Dos años después del estallido de un conflicto que agitó el fantasma de la Guerra Fría, Rusia exhibe en Crimea sus glorias imperiales. La península arrebatada a Ucrania rebosa de símbolos patrióticos rusos, de imágenes de Vladímir Putin y hasta de la emperatriz Catalina la Grande. El entusiasmo inicial se ha apagado entre la población autóctona, pero persiste el apoyo a Moscú pese a la corrupción, las expropiaciones arbitrarias y el acoso a la minoría tártara.

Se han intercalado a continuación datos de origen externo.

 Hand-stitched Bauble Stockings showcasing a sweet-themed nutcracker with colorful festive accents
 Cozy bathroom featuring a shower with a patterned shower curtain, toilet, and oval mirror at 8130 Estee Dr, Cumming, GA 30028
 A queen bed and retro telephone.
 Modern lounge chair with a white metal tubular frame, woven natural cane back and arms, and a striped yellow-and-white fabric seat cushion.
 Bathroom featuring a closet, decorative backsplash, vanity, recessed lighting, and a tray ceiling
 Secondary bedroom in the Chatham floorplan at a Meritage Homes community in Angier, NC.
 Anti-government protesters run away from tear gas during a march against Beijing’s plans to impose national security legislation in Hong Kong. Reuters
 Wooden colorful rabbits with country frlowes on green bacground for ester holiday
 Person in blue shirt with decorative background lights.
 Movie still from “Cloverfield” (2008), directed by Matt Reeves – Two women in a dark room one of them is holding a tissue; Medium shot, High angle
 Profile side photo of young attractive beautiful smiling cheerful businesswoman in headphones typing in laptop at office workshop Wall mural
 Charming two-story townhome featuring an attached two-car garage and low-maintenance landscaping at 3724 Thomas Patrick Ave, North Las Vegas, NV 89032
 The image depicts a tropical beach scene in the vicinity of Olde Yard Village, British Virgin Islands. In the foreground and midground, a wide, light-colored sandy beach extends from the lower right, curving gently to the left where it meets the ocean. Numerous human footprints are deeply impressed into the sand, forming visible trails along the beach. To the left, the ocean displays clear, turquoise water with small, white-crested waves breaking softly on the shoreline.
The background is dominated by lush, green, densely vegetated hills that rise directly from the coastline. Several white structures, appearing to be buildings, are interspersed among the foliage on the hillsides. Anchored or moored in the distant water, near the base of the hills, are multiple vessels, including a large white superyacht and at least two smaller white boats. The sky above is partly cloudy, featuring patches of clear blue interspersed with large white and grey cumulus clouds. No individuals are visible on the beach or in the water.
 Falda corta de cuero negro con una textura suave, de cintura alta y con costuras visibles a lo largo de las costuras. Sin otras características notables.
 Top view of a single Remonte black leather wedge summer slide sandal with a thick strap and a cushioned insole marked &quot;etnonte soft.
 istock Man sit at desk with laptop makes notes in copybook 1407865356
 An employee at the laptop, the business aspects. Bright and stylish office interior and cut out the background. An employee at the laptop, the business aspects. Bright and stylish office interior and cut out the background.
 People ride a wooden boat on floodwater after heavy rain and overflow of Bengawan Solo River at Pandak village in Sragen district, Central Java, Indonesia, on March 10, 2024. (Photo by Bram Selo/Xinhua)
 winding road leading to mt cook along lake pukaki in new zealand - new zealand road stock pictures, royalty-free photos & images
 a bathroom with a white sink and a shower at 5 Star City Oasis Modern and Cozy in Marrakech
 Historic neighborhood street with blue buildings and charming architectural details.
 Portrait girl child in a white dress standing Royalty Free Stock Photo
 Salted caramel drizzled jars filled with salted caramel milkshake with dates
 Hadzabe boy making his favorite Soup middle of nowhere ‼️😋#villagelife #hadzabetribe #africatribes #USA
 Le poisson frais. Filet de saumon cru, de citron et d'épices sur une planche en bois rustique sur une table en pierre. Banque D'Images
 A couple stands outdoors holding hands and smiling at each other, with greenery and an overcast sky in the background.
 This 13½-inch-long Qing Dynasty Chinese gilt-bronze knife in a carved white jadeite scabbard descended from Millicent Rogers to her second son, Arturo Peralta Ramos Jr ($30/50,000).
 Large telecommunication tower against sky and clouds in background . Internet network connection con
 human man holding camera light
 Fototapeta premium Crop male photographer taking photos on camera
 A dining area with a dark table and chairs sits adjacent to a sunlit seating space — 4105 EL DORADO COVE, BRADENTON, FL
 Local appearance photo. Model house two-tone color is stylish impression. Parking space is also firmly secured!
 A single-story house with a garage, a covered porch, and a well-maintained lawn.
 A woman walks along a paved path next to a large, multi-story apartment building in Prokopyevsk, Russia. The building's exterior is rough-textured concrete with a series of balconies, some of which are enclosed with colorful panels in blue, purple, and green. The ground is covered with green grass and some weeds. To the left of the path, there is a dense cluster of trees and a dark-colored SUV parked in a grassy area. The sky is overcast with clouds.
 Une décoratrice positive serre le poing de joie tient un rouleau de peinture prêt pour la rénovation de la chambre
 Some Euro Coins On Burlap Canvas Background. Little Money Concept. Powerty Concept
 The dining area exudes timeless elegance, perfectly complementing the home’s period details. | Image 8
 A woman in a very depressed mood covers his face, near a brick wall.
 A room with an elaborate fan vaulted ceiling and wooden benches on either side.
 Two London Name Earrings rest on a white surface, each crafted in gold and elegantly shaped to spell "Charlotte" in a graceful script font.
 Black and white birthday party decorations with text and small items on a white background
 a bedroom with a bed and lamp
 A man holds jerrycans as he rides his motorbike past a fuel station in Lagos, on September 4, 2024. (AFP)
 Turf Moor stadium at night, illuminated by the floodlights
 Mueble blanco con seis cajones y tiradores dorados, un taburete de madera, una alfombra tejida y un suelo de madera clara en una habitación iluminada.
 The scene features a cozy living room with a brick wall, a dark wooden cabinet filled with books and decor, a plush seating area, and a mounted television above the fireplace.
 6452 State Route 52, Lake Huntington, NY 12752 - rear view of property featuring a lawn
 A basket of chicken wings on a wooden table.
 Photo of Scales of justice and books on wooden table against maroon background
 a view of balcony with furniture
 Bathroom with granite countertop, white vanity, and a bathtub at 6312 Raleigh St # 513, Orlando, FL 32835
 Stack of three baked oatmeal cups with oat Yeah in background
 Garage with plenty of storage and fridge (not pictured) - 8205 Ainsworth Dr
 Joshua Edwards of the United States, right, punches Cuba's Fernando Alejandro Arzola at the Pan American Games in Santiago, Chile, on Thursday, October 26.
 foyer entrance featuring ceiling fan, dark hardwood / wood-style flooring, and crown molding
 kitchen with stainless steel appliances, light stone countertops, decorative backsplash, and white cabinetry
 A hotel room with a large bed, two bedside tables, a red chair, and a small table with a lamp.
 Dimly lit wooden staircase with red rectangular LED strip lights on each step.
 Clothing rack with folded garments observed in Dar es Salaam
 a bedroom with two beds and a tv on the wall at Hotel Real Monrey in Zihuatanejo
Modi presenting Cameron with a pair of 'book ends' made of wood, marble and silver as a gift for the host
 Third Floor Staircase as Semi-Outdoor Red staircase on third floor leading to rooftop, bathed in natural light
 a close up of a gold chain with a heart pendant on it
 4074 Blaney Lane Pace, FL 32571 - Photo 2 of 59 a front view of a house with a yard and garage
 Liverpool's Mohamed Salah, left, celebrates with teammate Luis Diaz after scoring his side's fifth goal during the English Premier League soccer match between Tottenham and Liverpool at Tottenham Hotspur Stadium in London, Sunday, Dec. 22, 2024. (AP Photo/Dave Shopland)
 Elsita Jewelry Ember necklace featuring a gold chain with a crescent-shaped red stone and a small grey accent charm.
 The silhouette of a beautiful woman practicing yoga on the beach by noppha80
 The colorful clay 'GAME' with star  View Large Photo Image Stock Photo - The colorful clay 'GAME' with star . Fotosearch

ACTUALIZADOLUNES 20 DE JUNIO DE 201617:36
CRIMEA. Rusia. Para siempre”, “Sebastopol. Rusia. Para siempre”. Acompañada por estos lemas, una enorme foto de Vladímir Putin jalona las carreteras de la península del mar Negro que Moscú se anexionó en 2014. Con una mano apoyada en la barbilla, el presidente ruso esboza una sonrisa que hace pensar en La Gioconda. Los carteles se repiten y son el testimonio de una firme voluntad, la de integrar de forma irreversible a Rusia el territorio que Catalina la Grande conquistó en 1783. La incorporación al imperio de los zares acabó con 300 años de dominio tártaro, la etnia de religión musulmana que había establecido en la península sujanato, un reino gobernado por un soberano, o jan, y sometido a las ambiciones enfrentadas de otomanos y rusos. En 1954, en una redistribución territorial interna, los dirigentes de la URSS transfirieron Crimea desde la república federada de Rusia a la de Ucrania y como parte de este país fue reconocida por la comunidad internacional, incluida la misma Rusia, en 1991, al desintegrarse el Estado soviético.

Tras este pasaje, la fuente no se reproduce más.